_Supplied entries:_
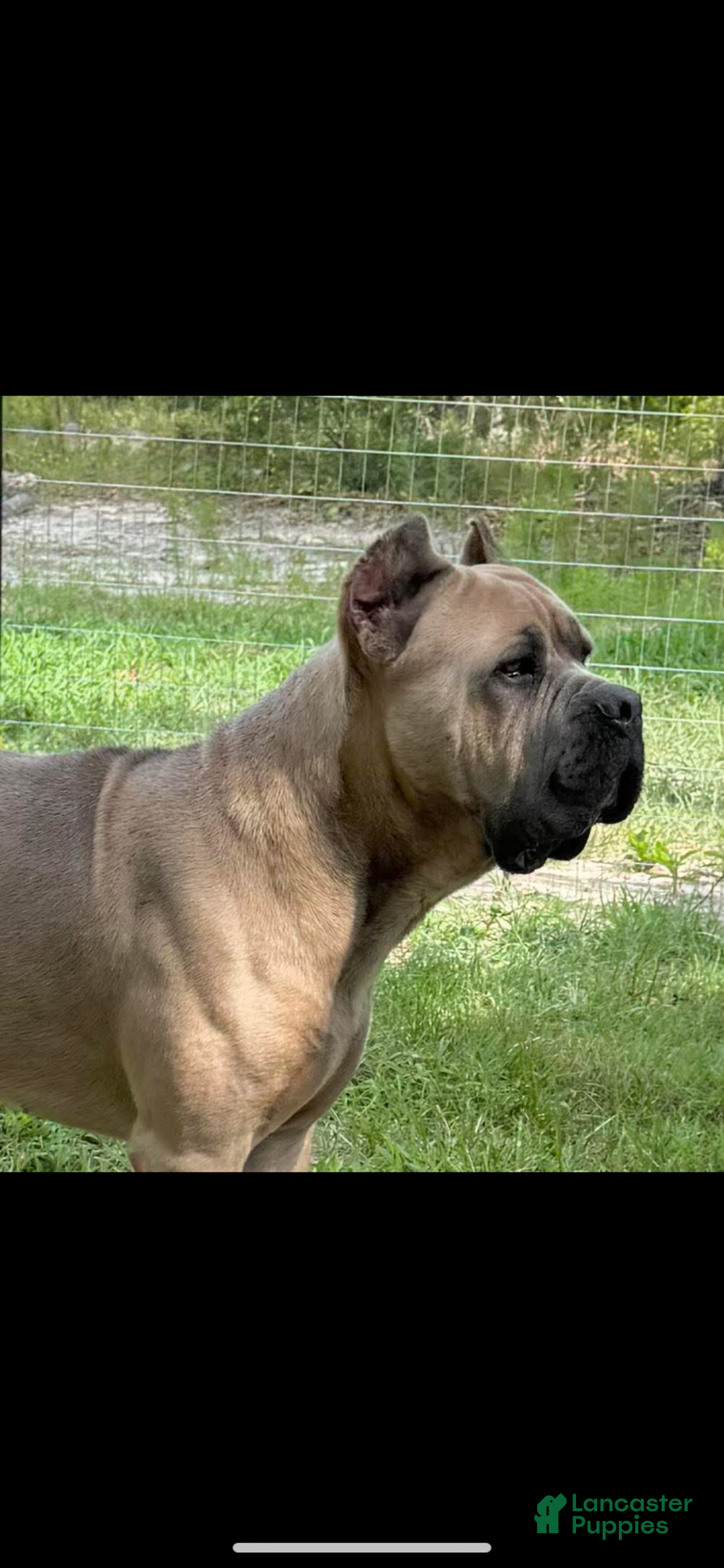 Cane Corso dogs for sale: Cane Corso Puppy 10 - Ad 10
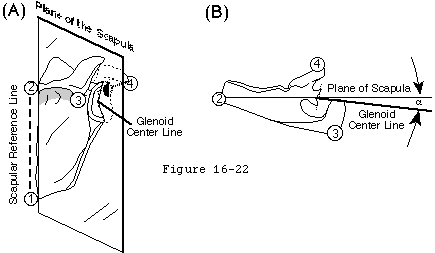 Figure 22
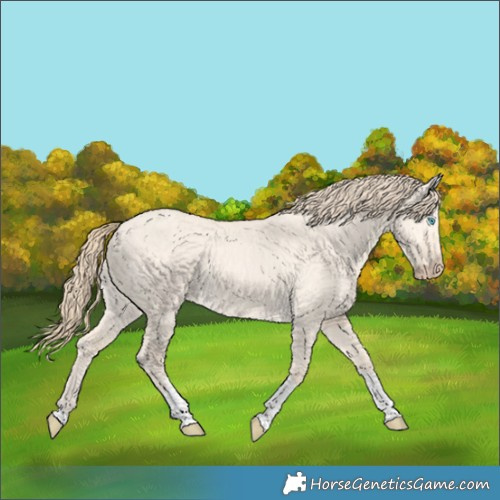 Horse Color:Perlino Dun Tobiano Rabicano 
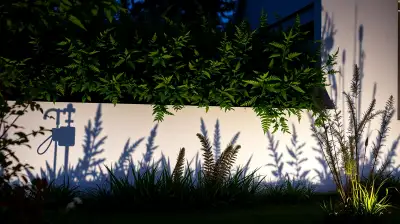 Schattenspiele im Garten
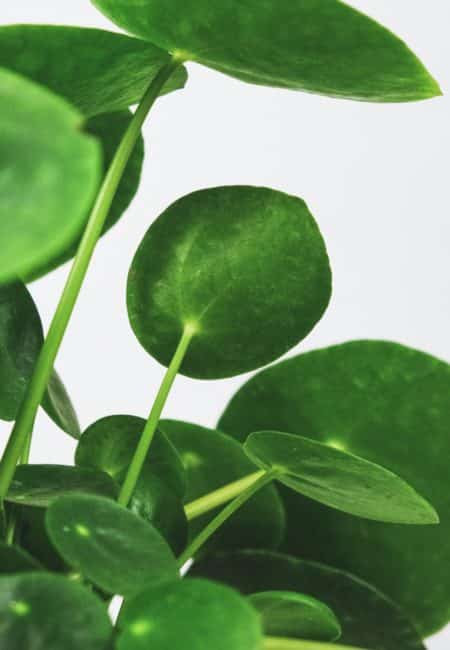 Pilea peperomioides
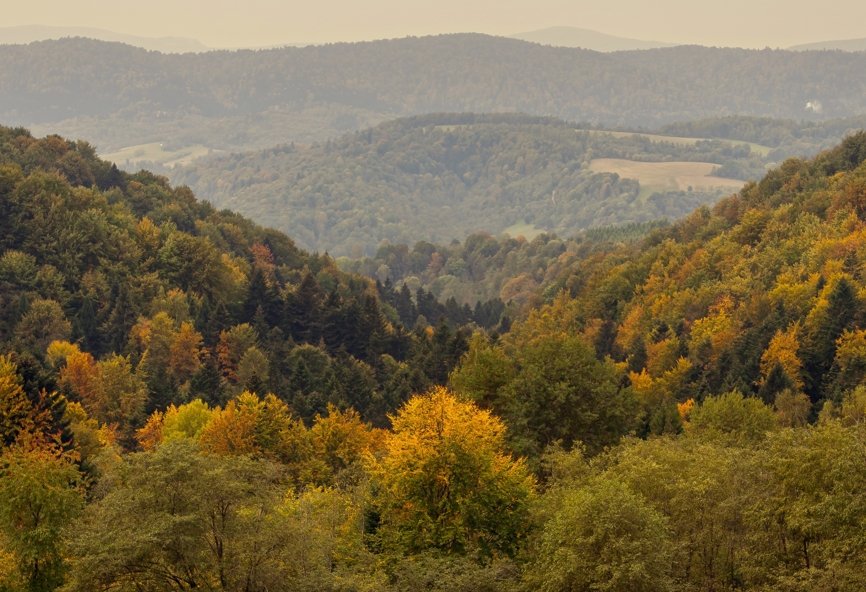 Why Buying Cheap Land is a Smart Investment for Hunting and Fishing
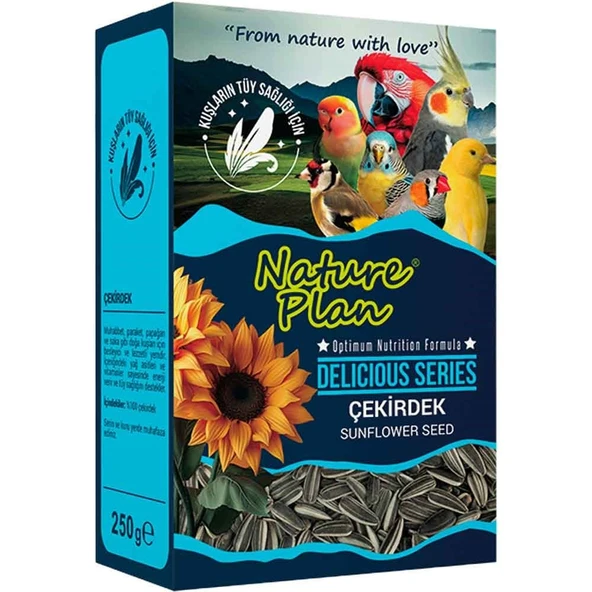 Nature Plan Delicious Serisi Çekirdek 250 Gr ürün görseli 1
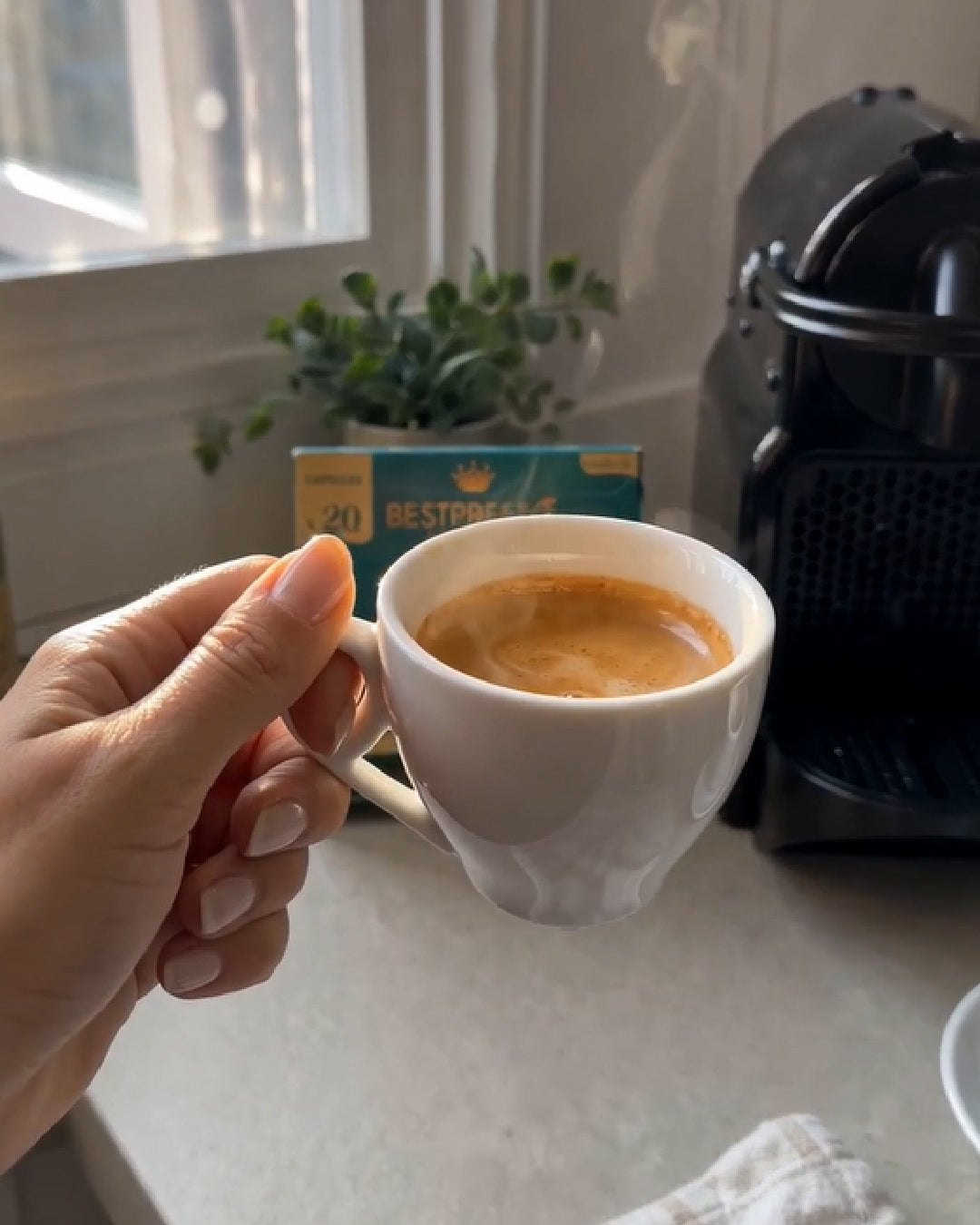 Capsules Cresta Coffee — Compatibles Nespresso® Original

_What you need to do:_ The whole listing above, line by line, needs to be copied exactly, except for any images.

_Answer box:_
 Cane Corso dogs for sale: Cane Corso Puppy 10 - Ad 10
 Figure 22
 Horse Color:Perlino Dun Tobiano Rabicano 
 Schattenspiele im Garten
 Pilea peperomioides
 Why Buying Cheap Land is a Smart Investment for Hunting and Fishing
 Nature Plan Delicious Serisi Çekirdek 250 Gr ürün görseli 1
 Capsules Cresta Coffee — Compatibles Nespresso® Original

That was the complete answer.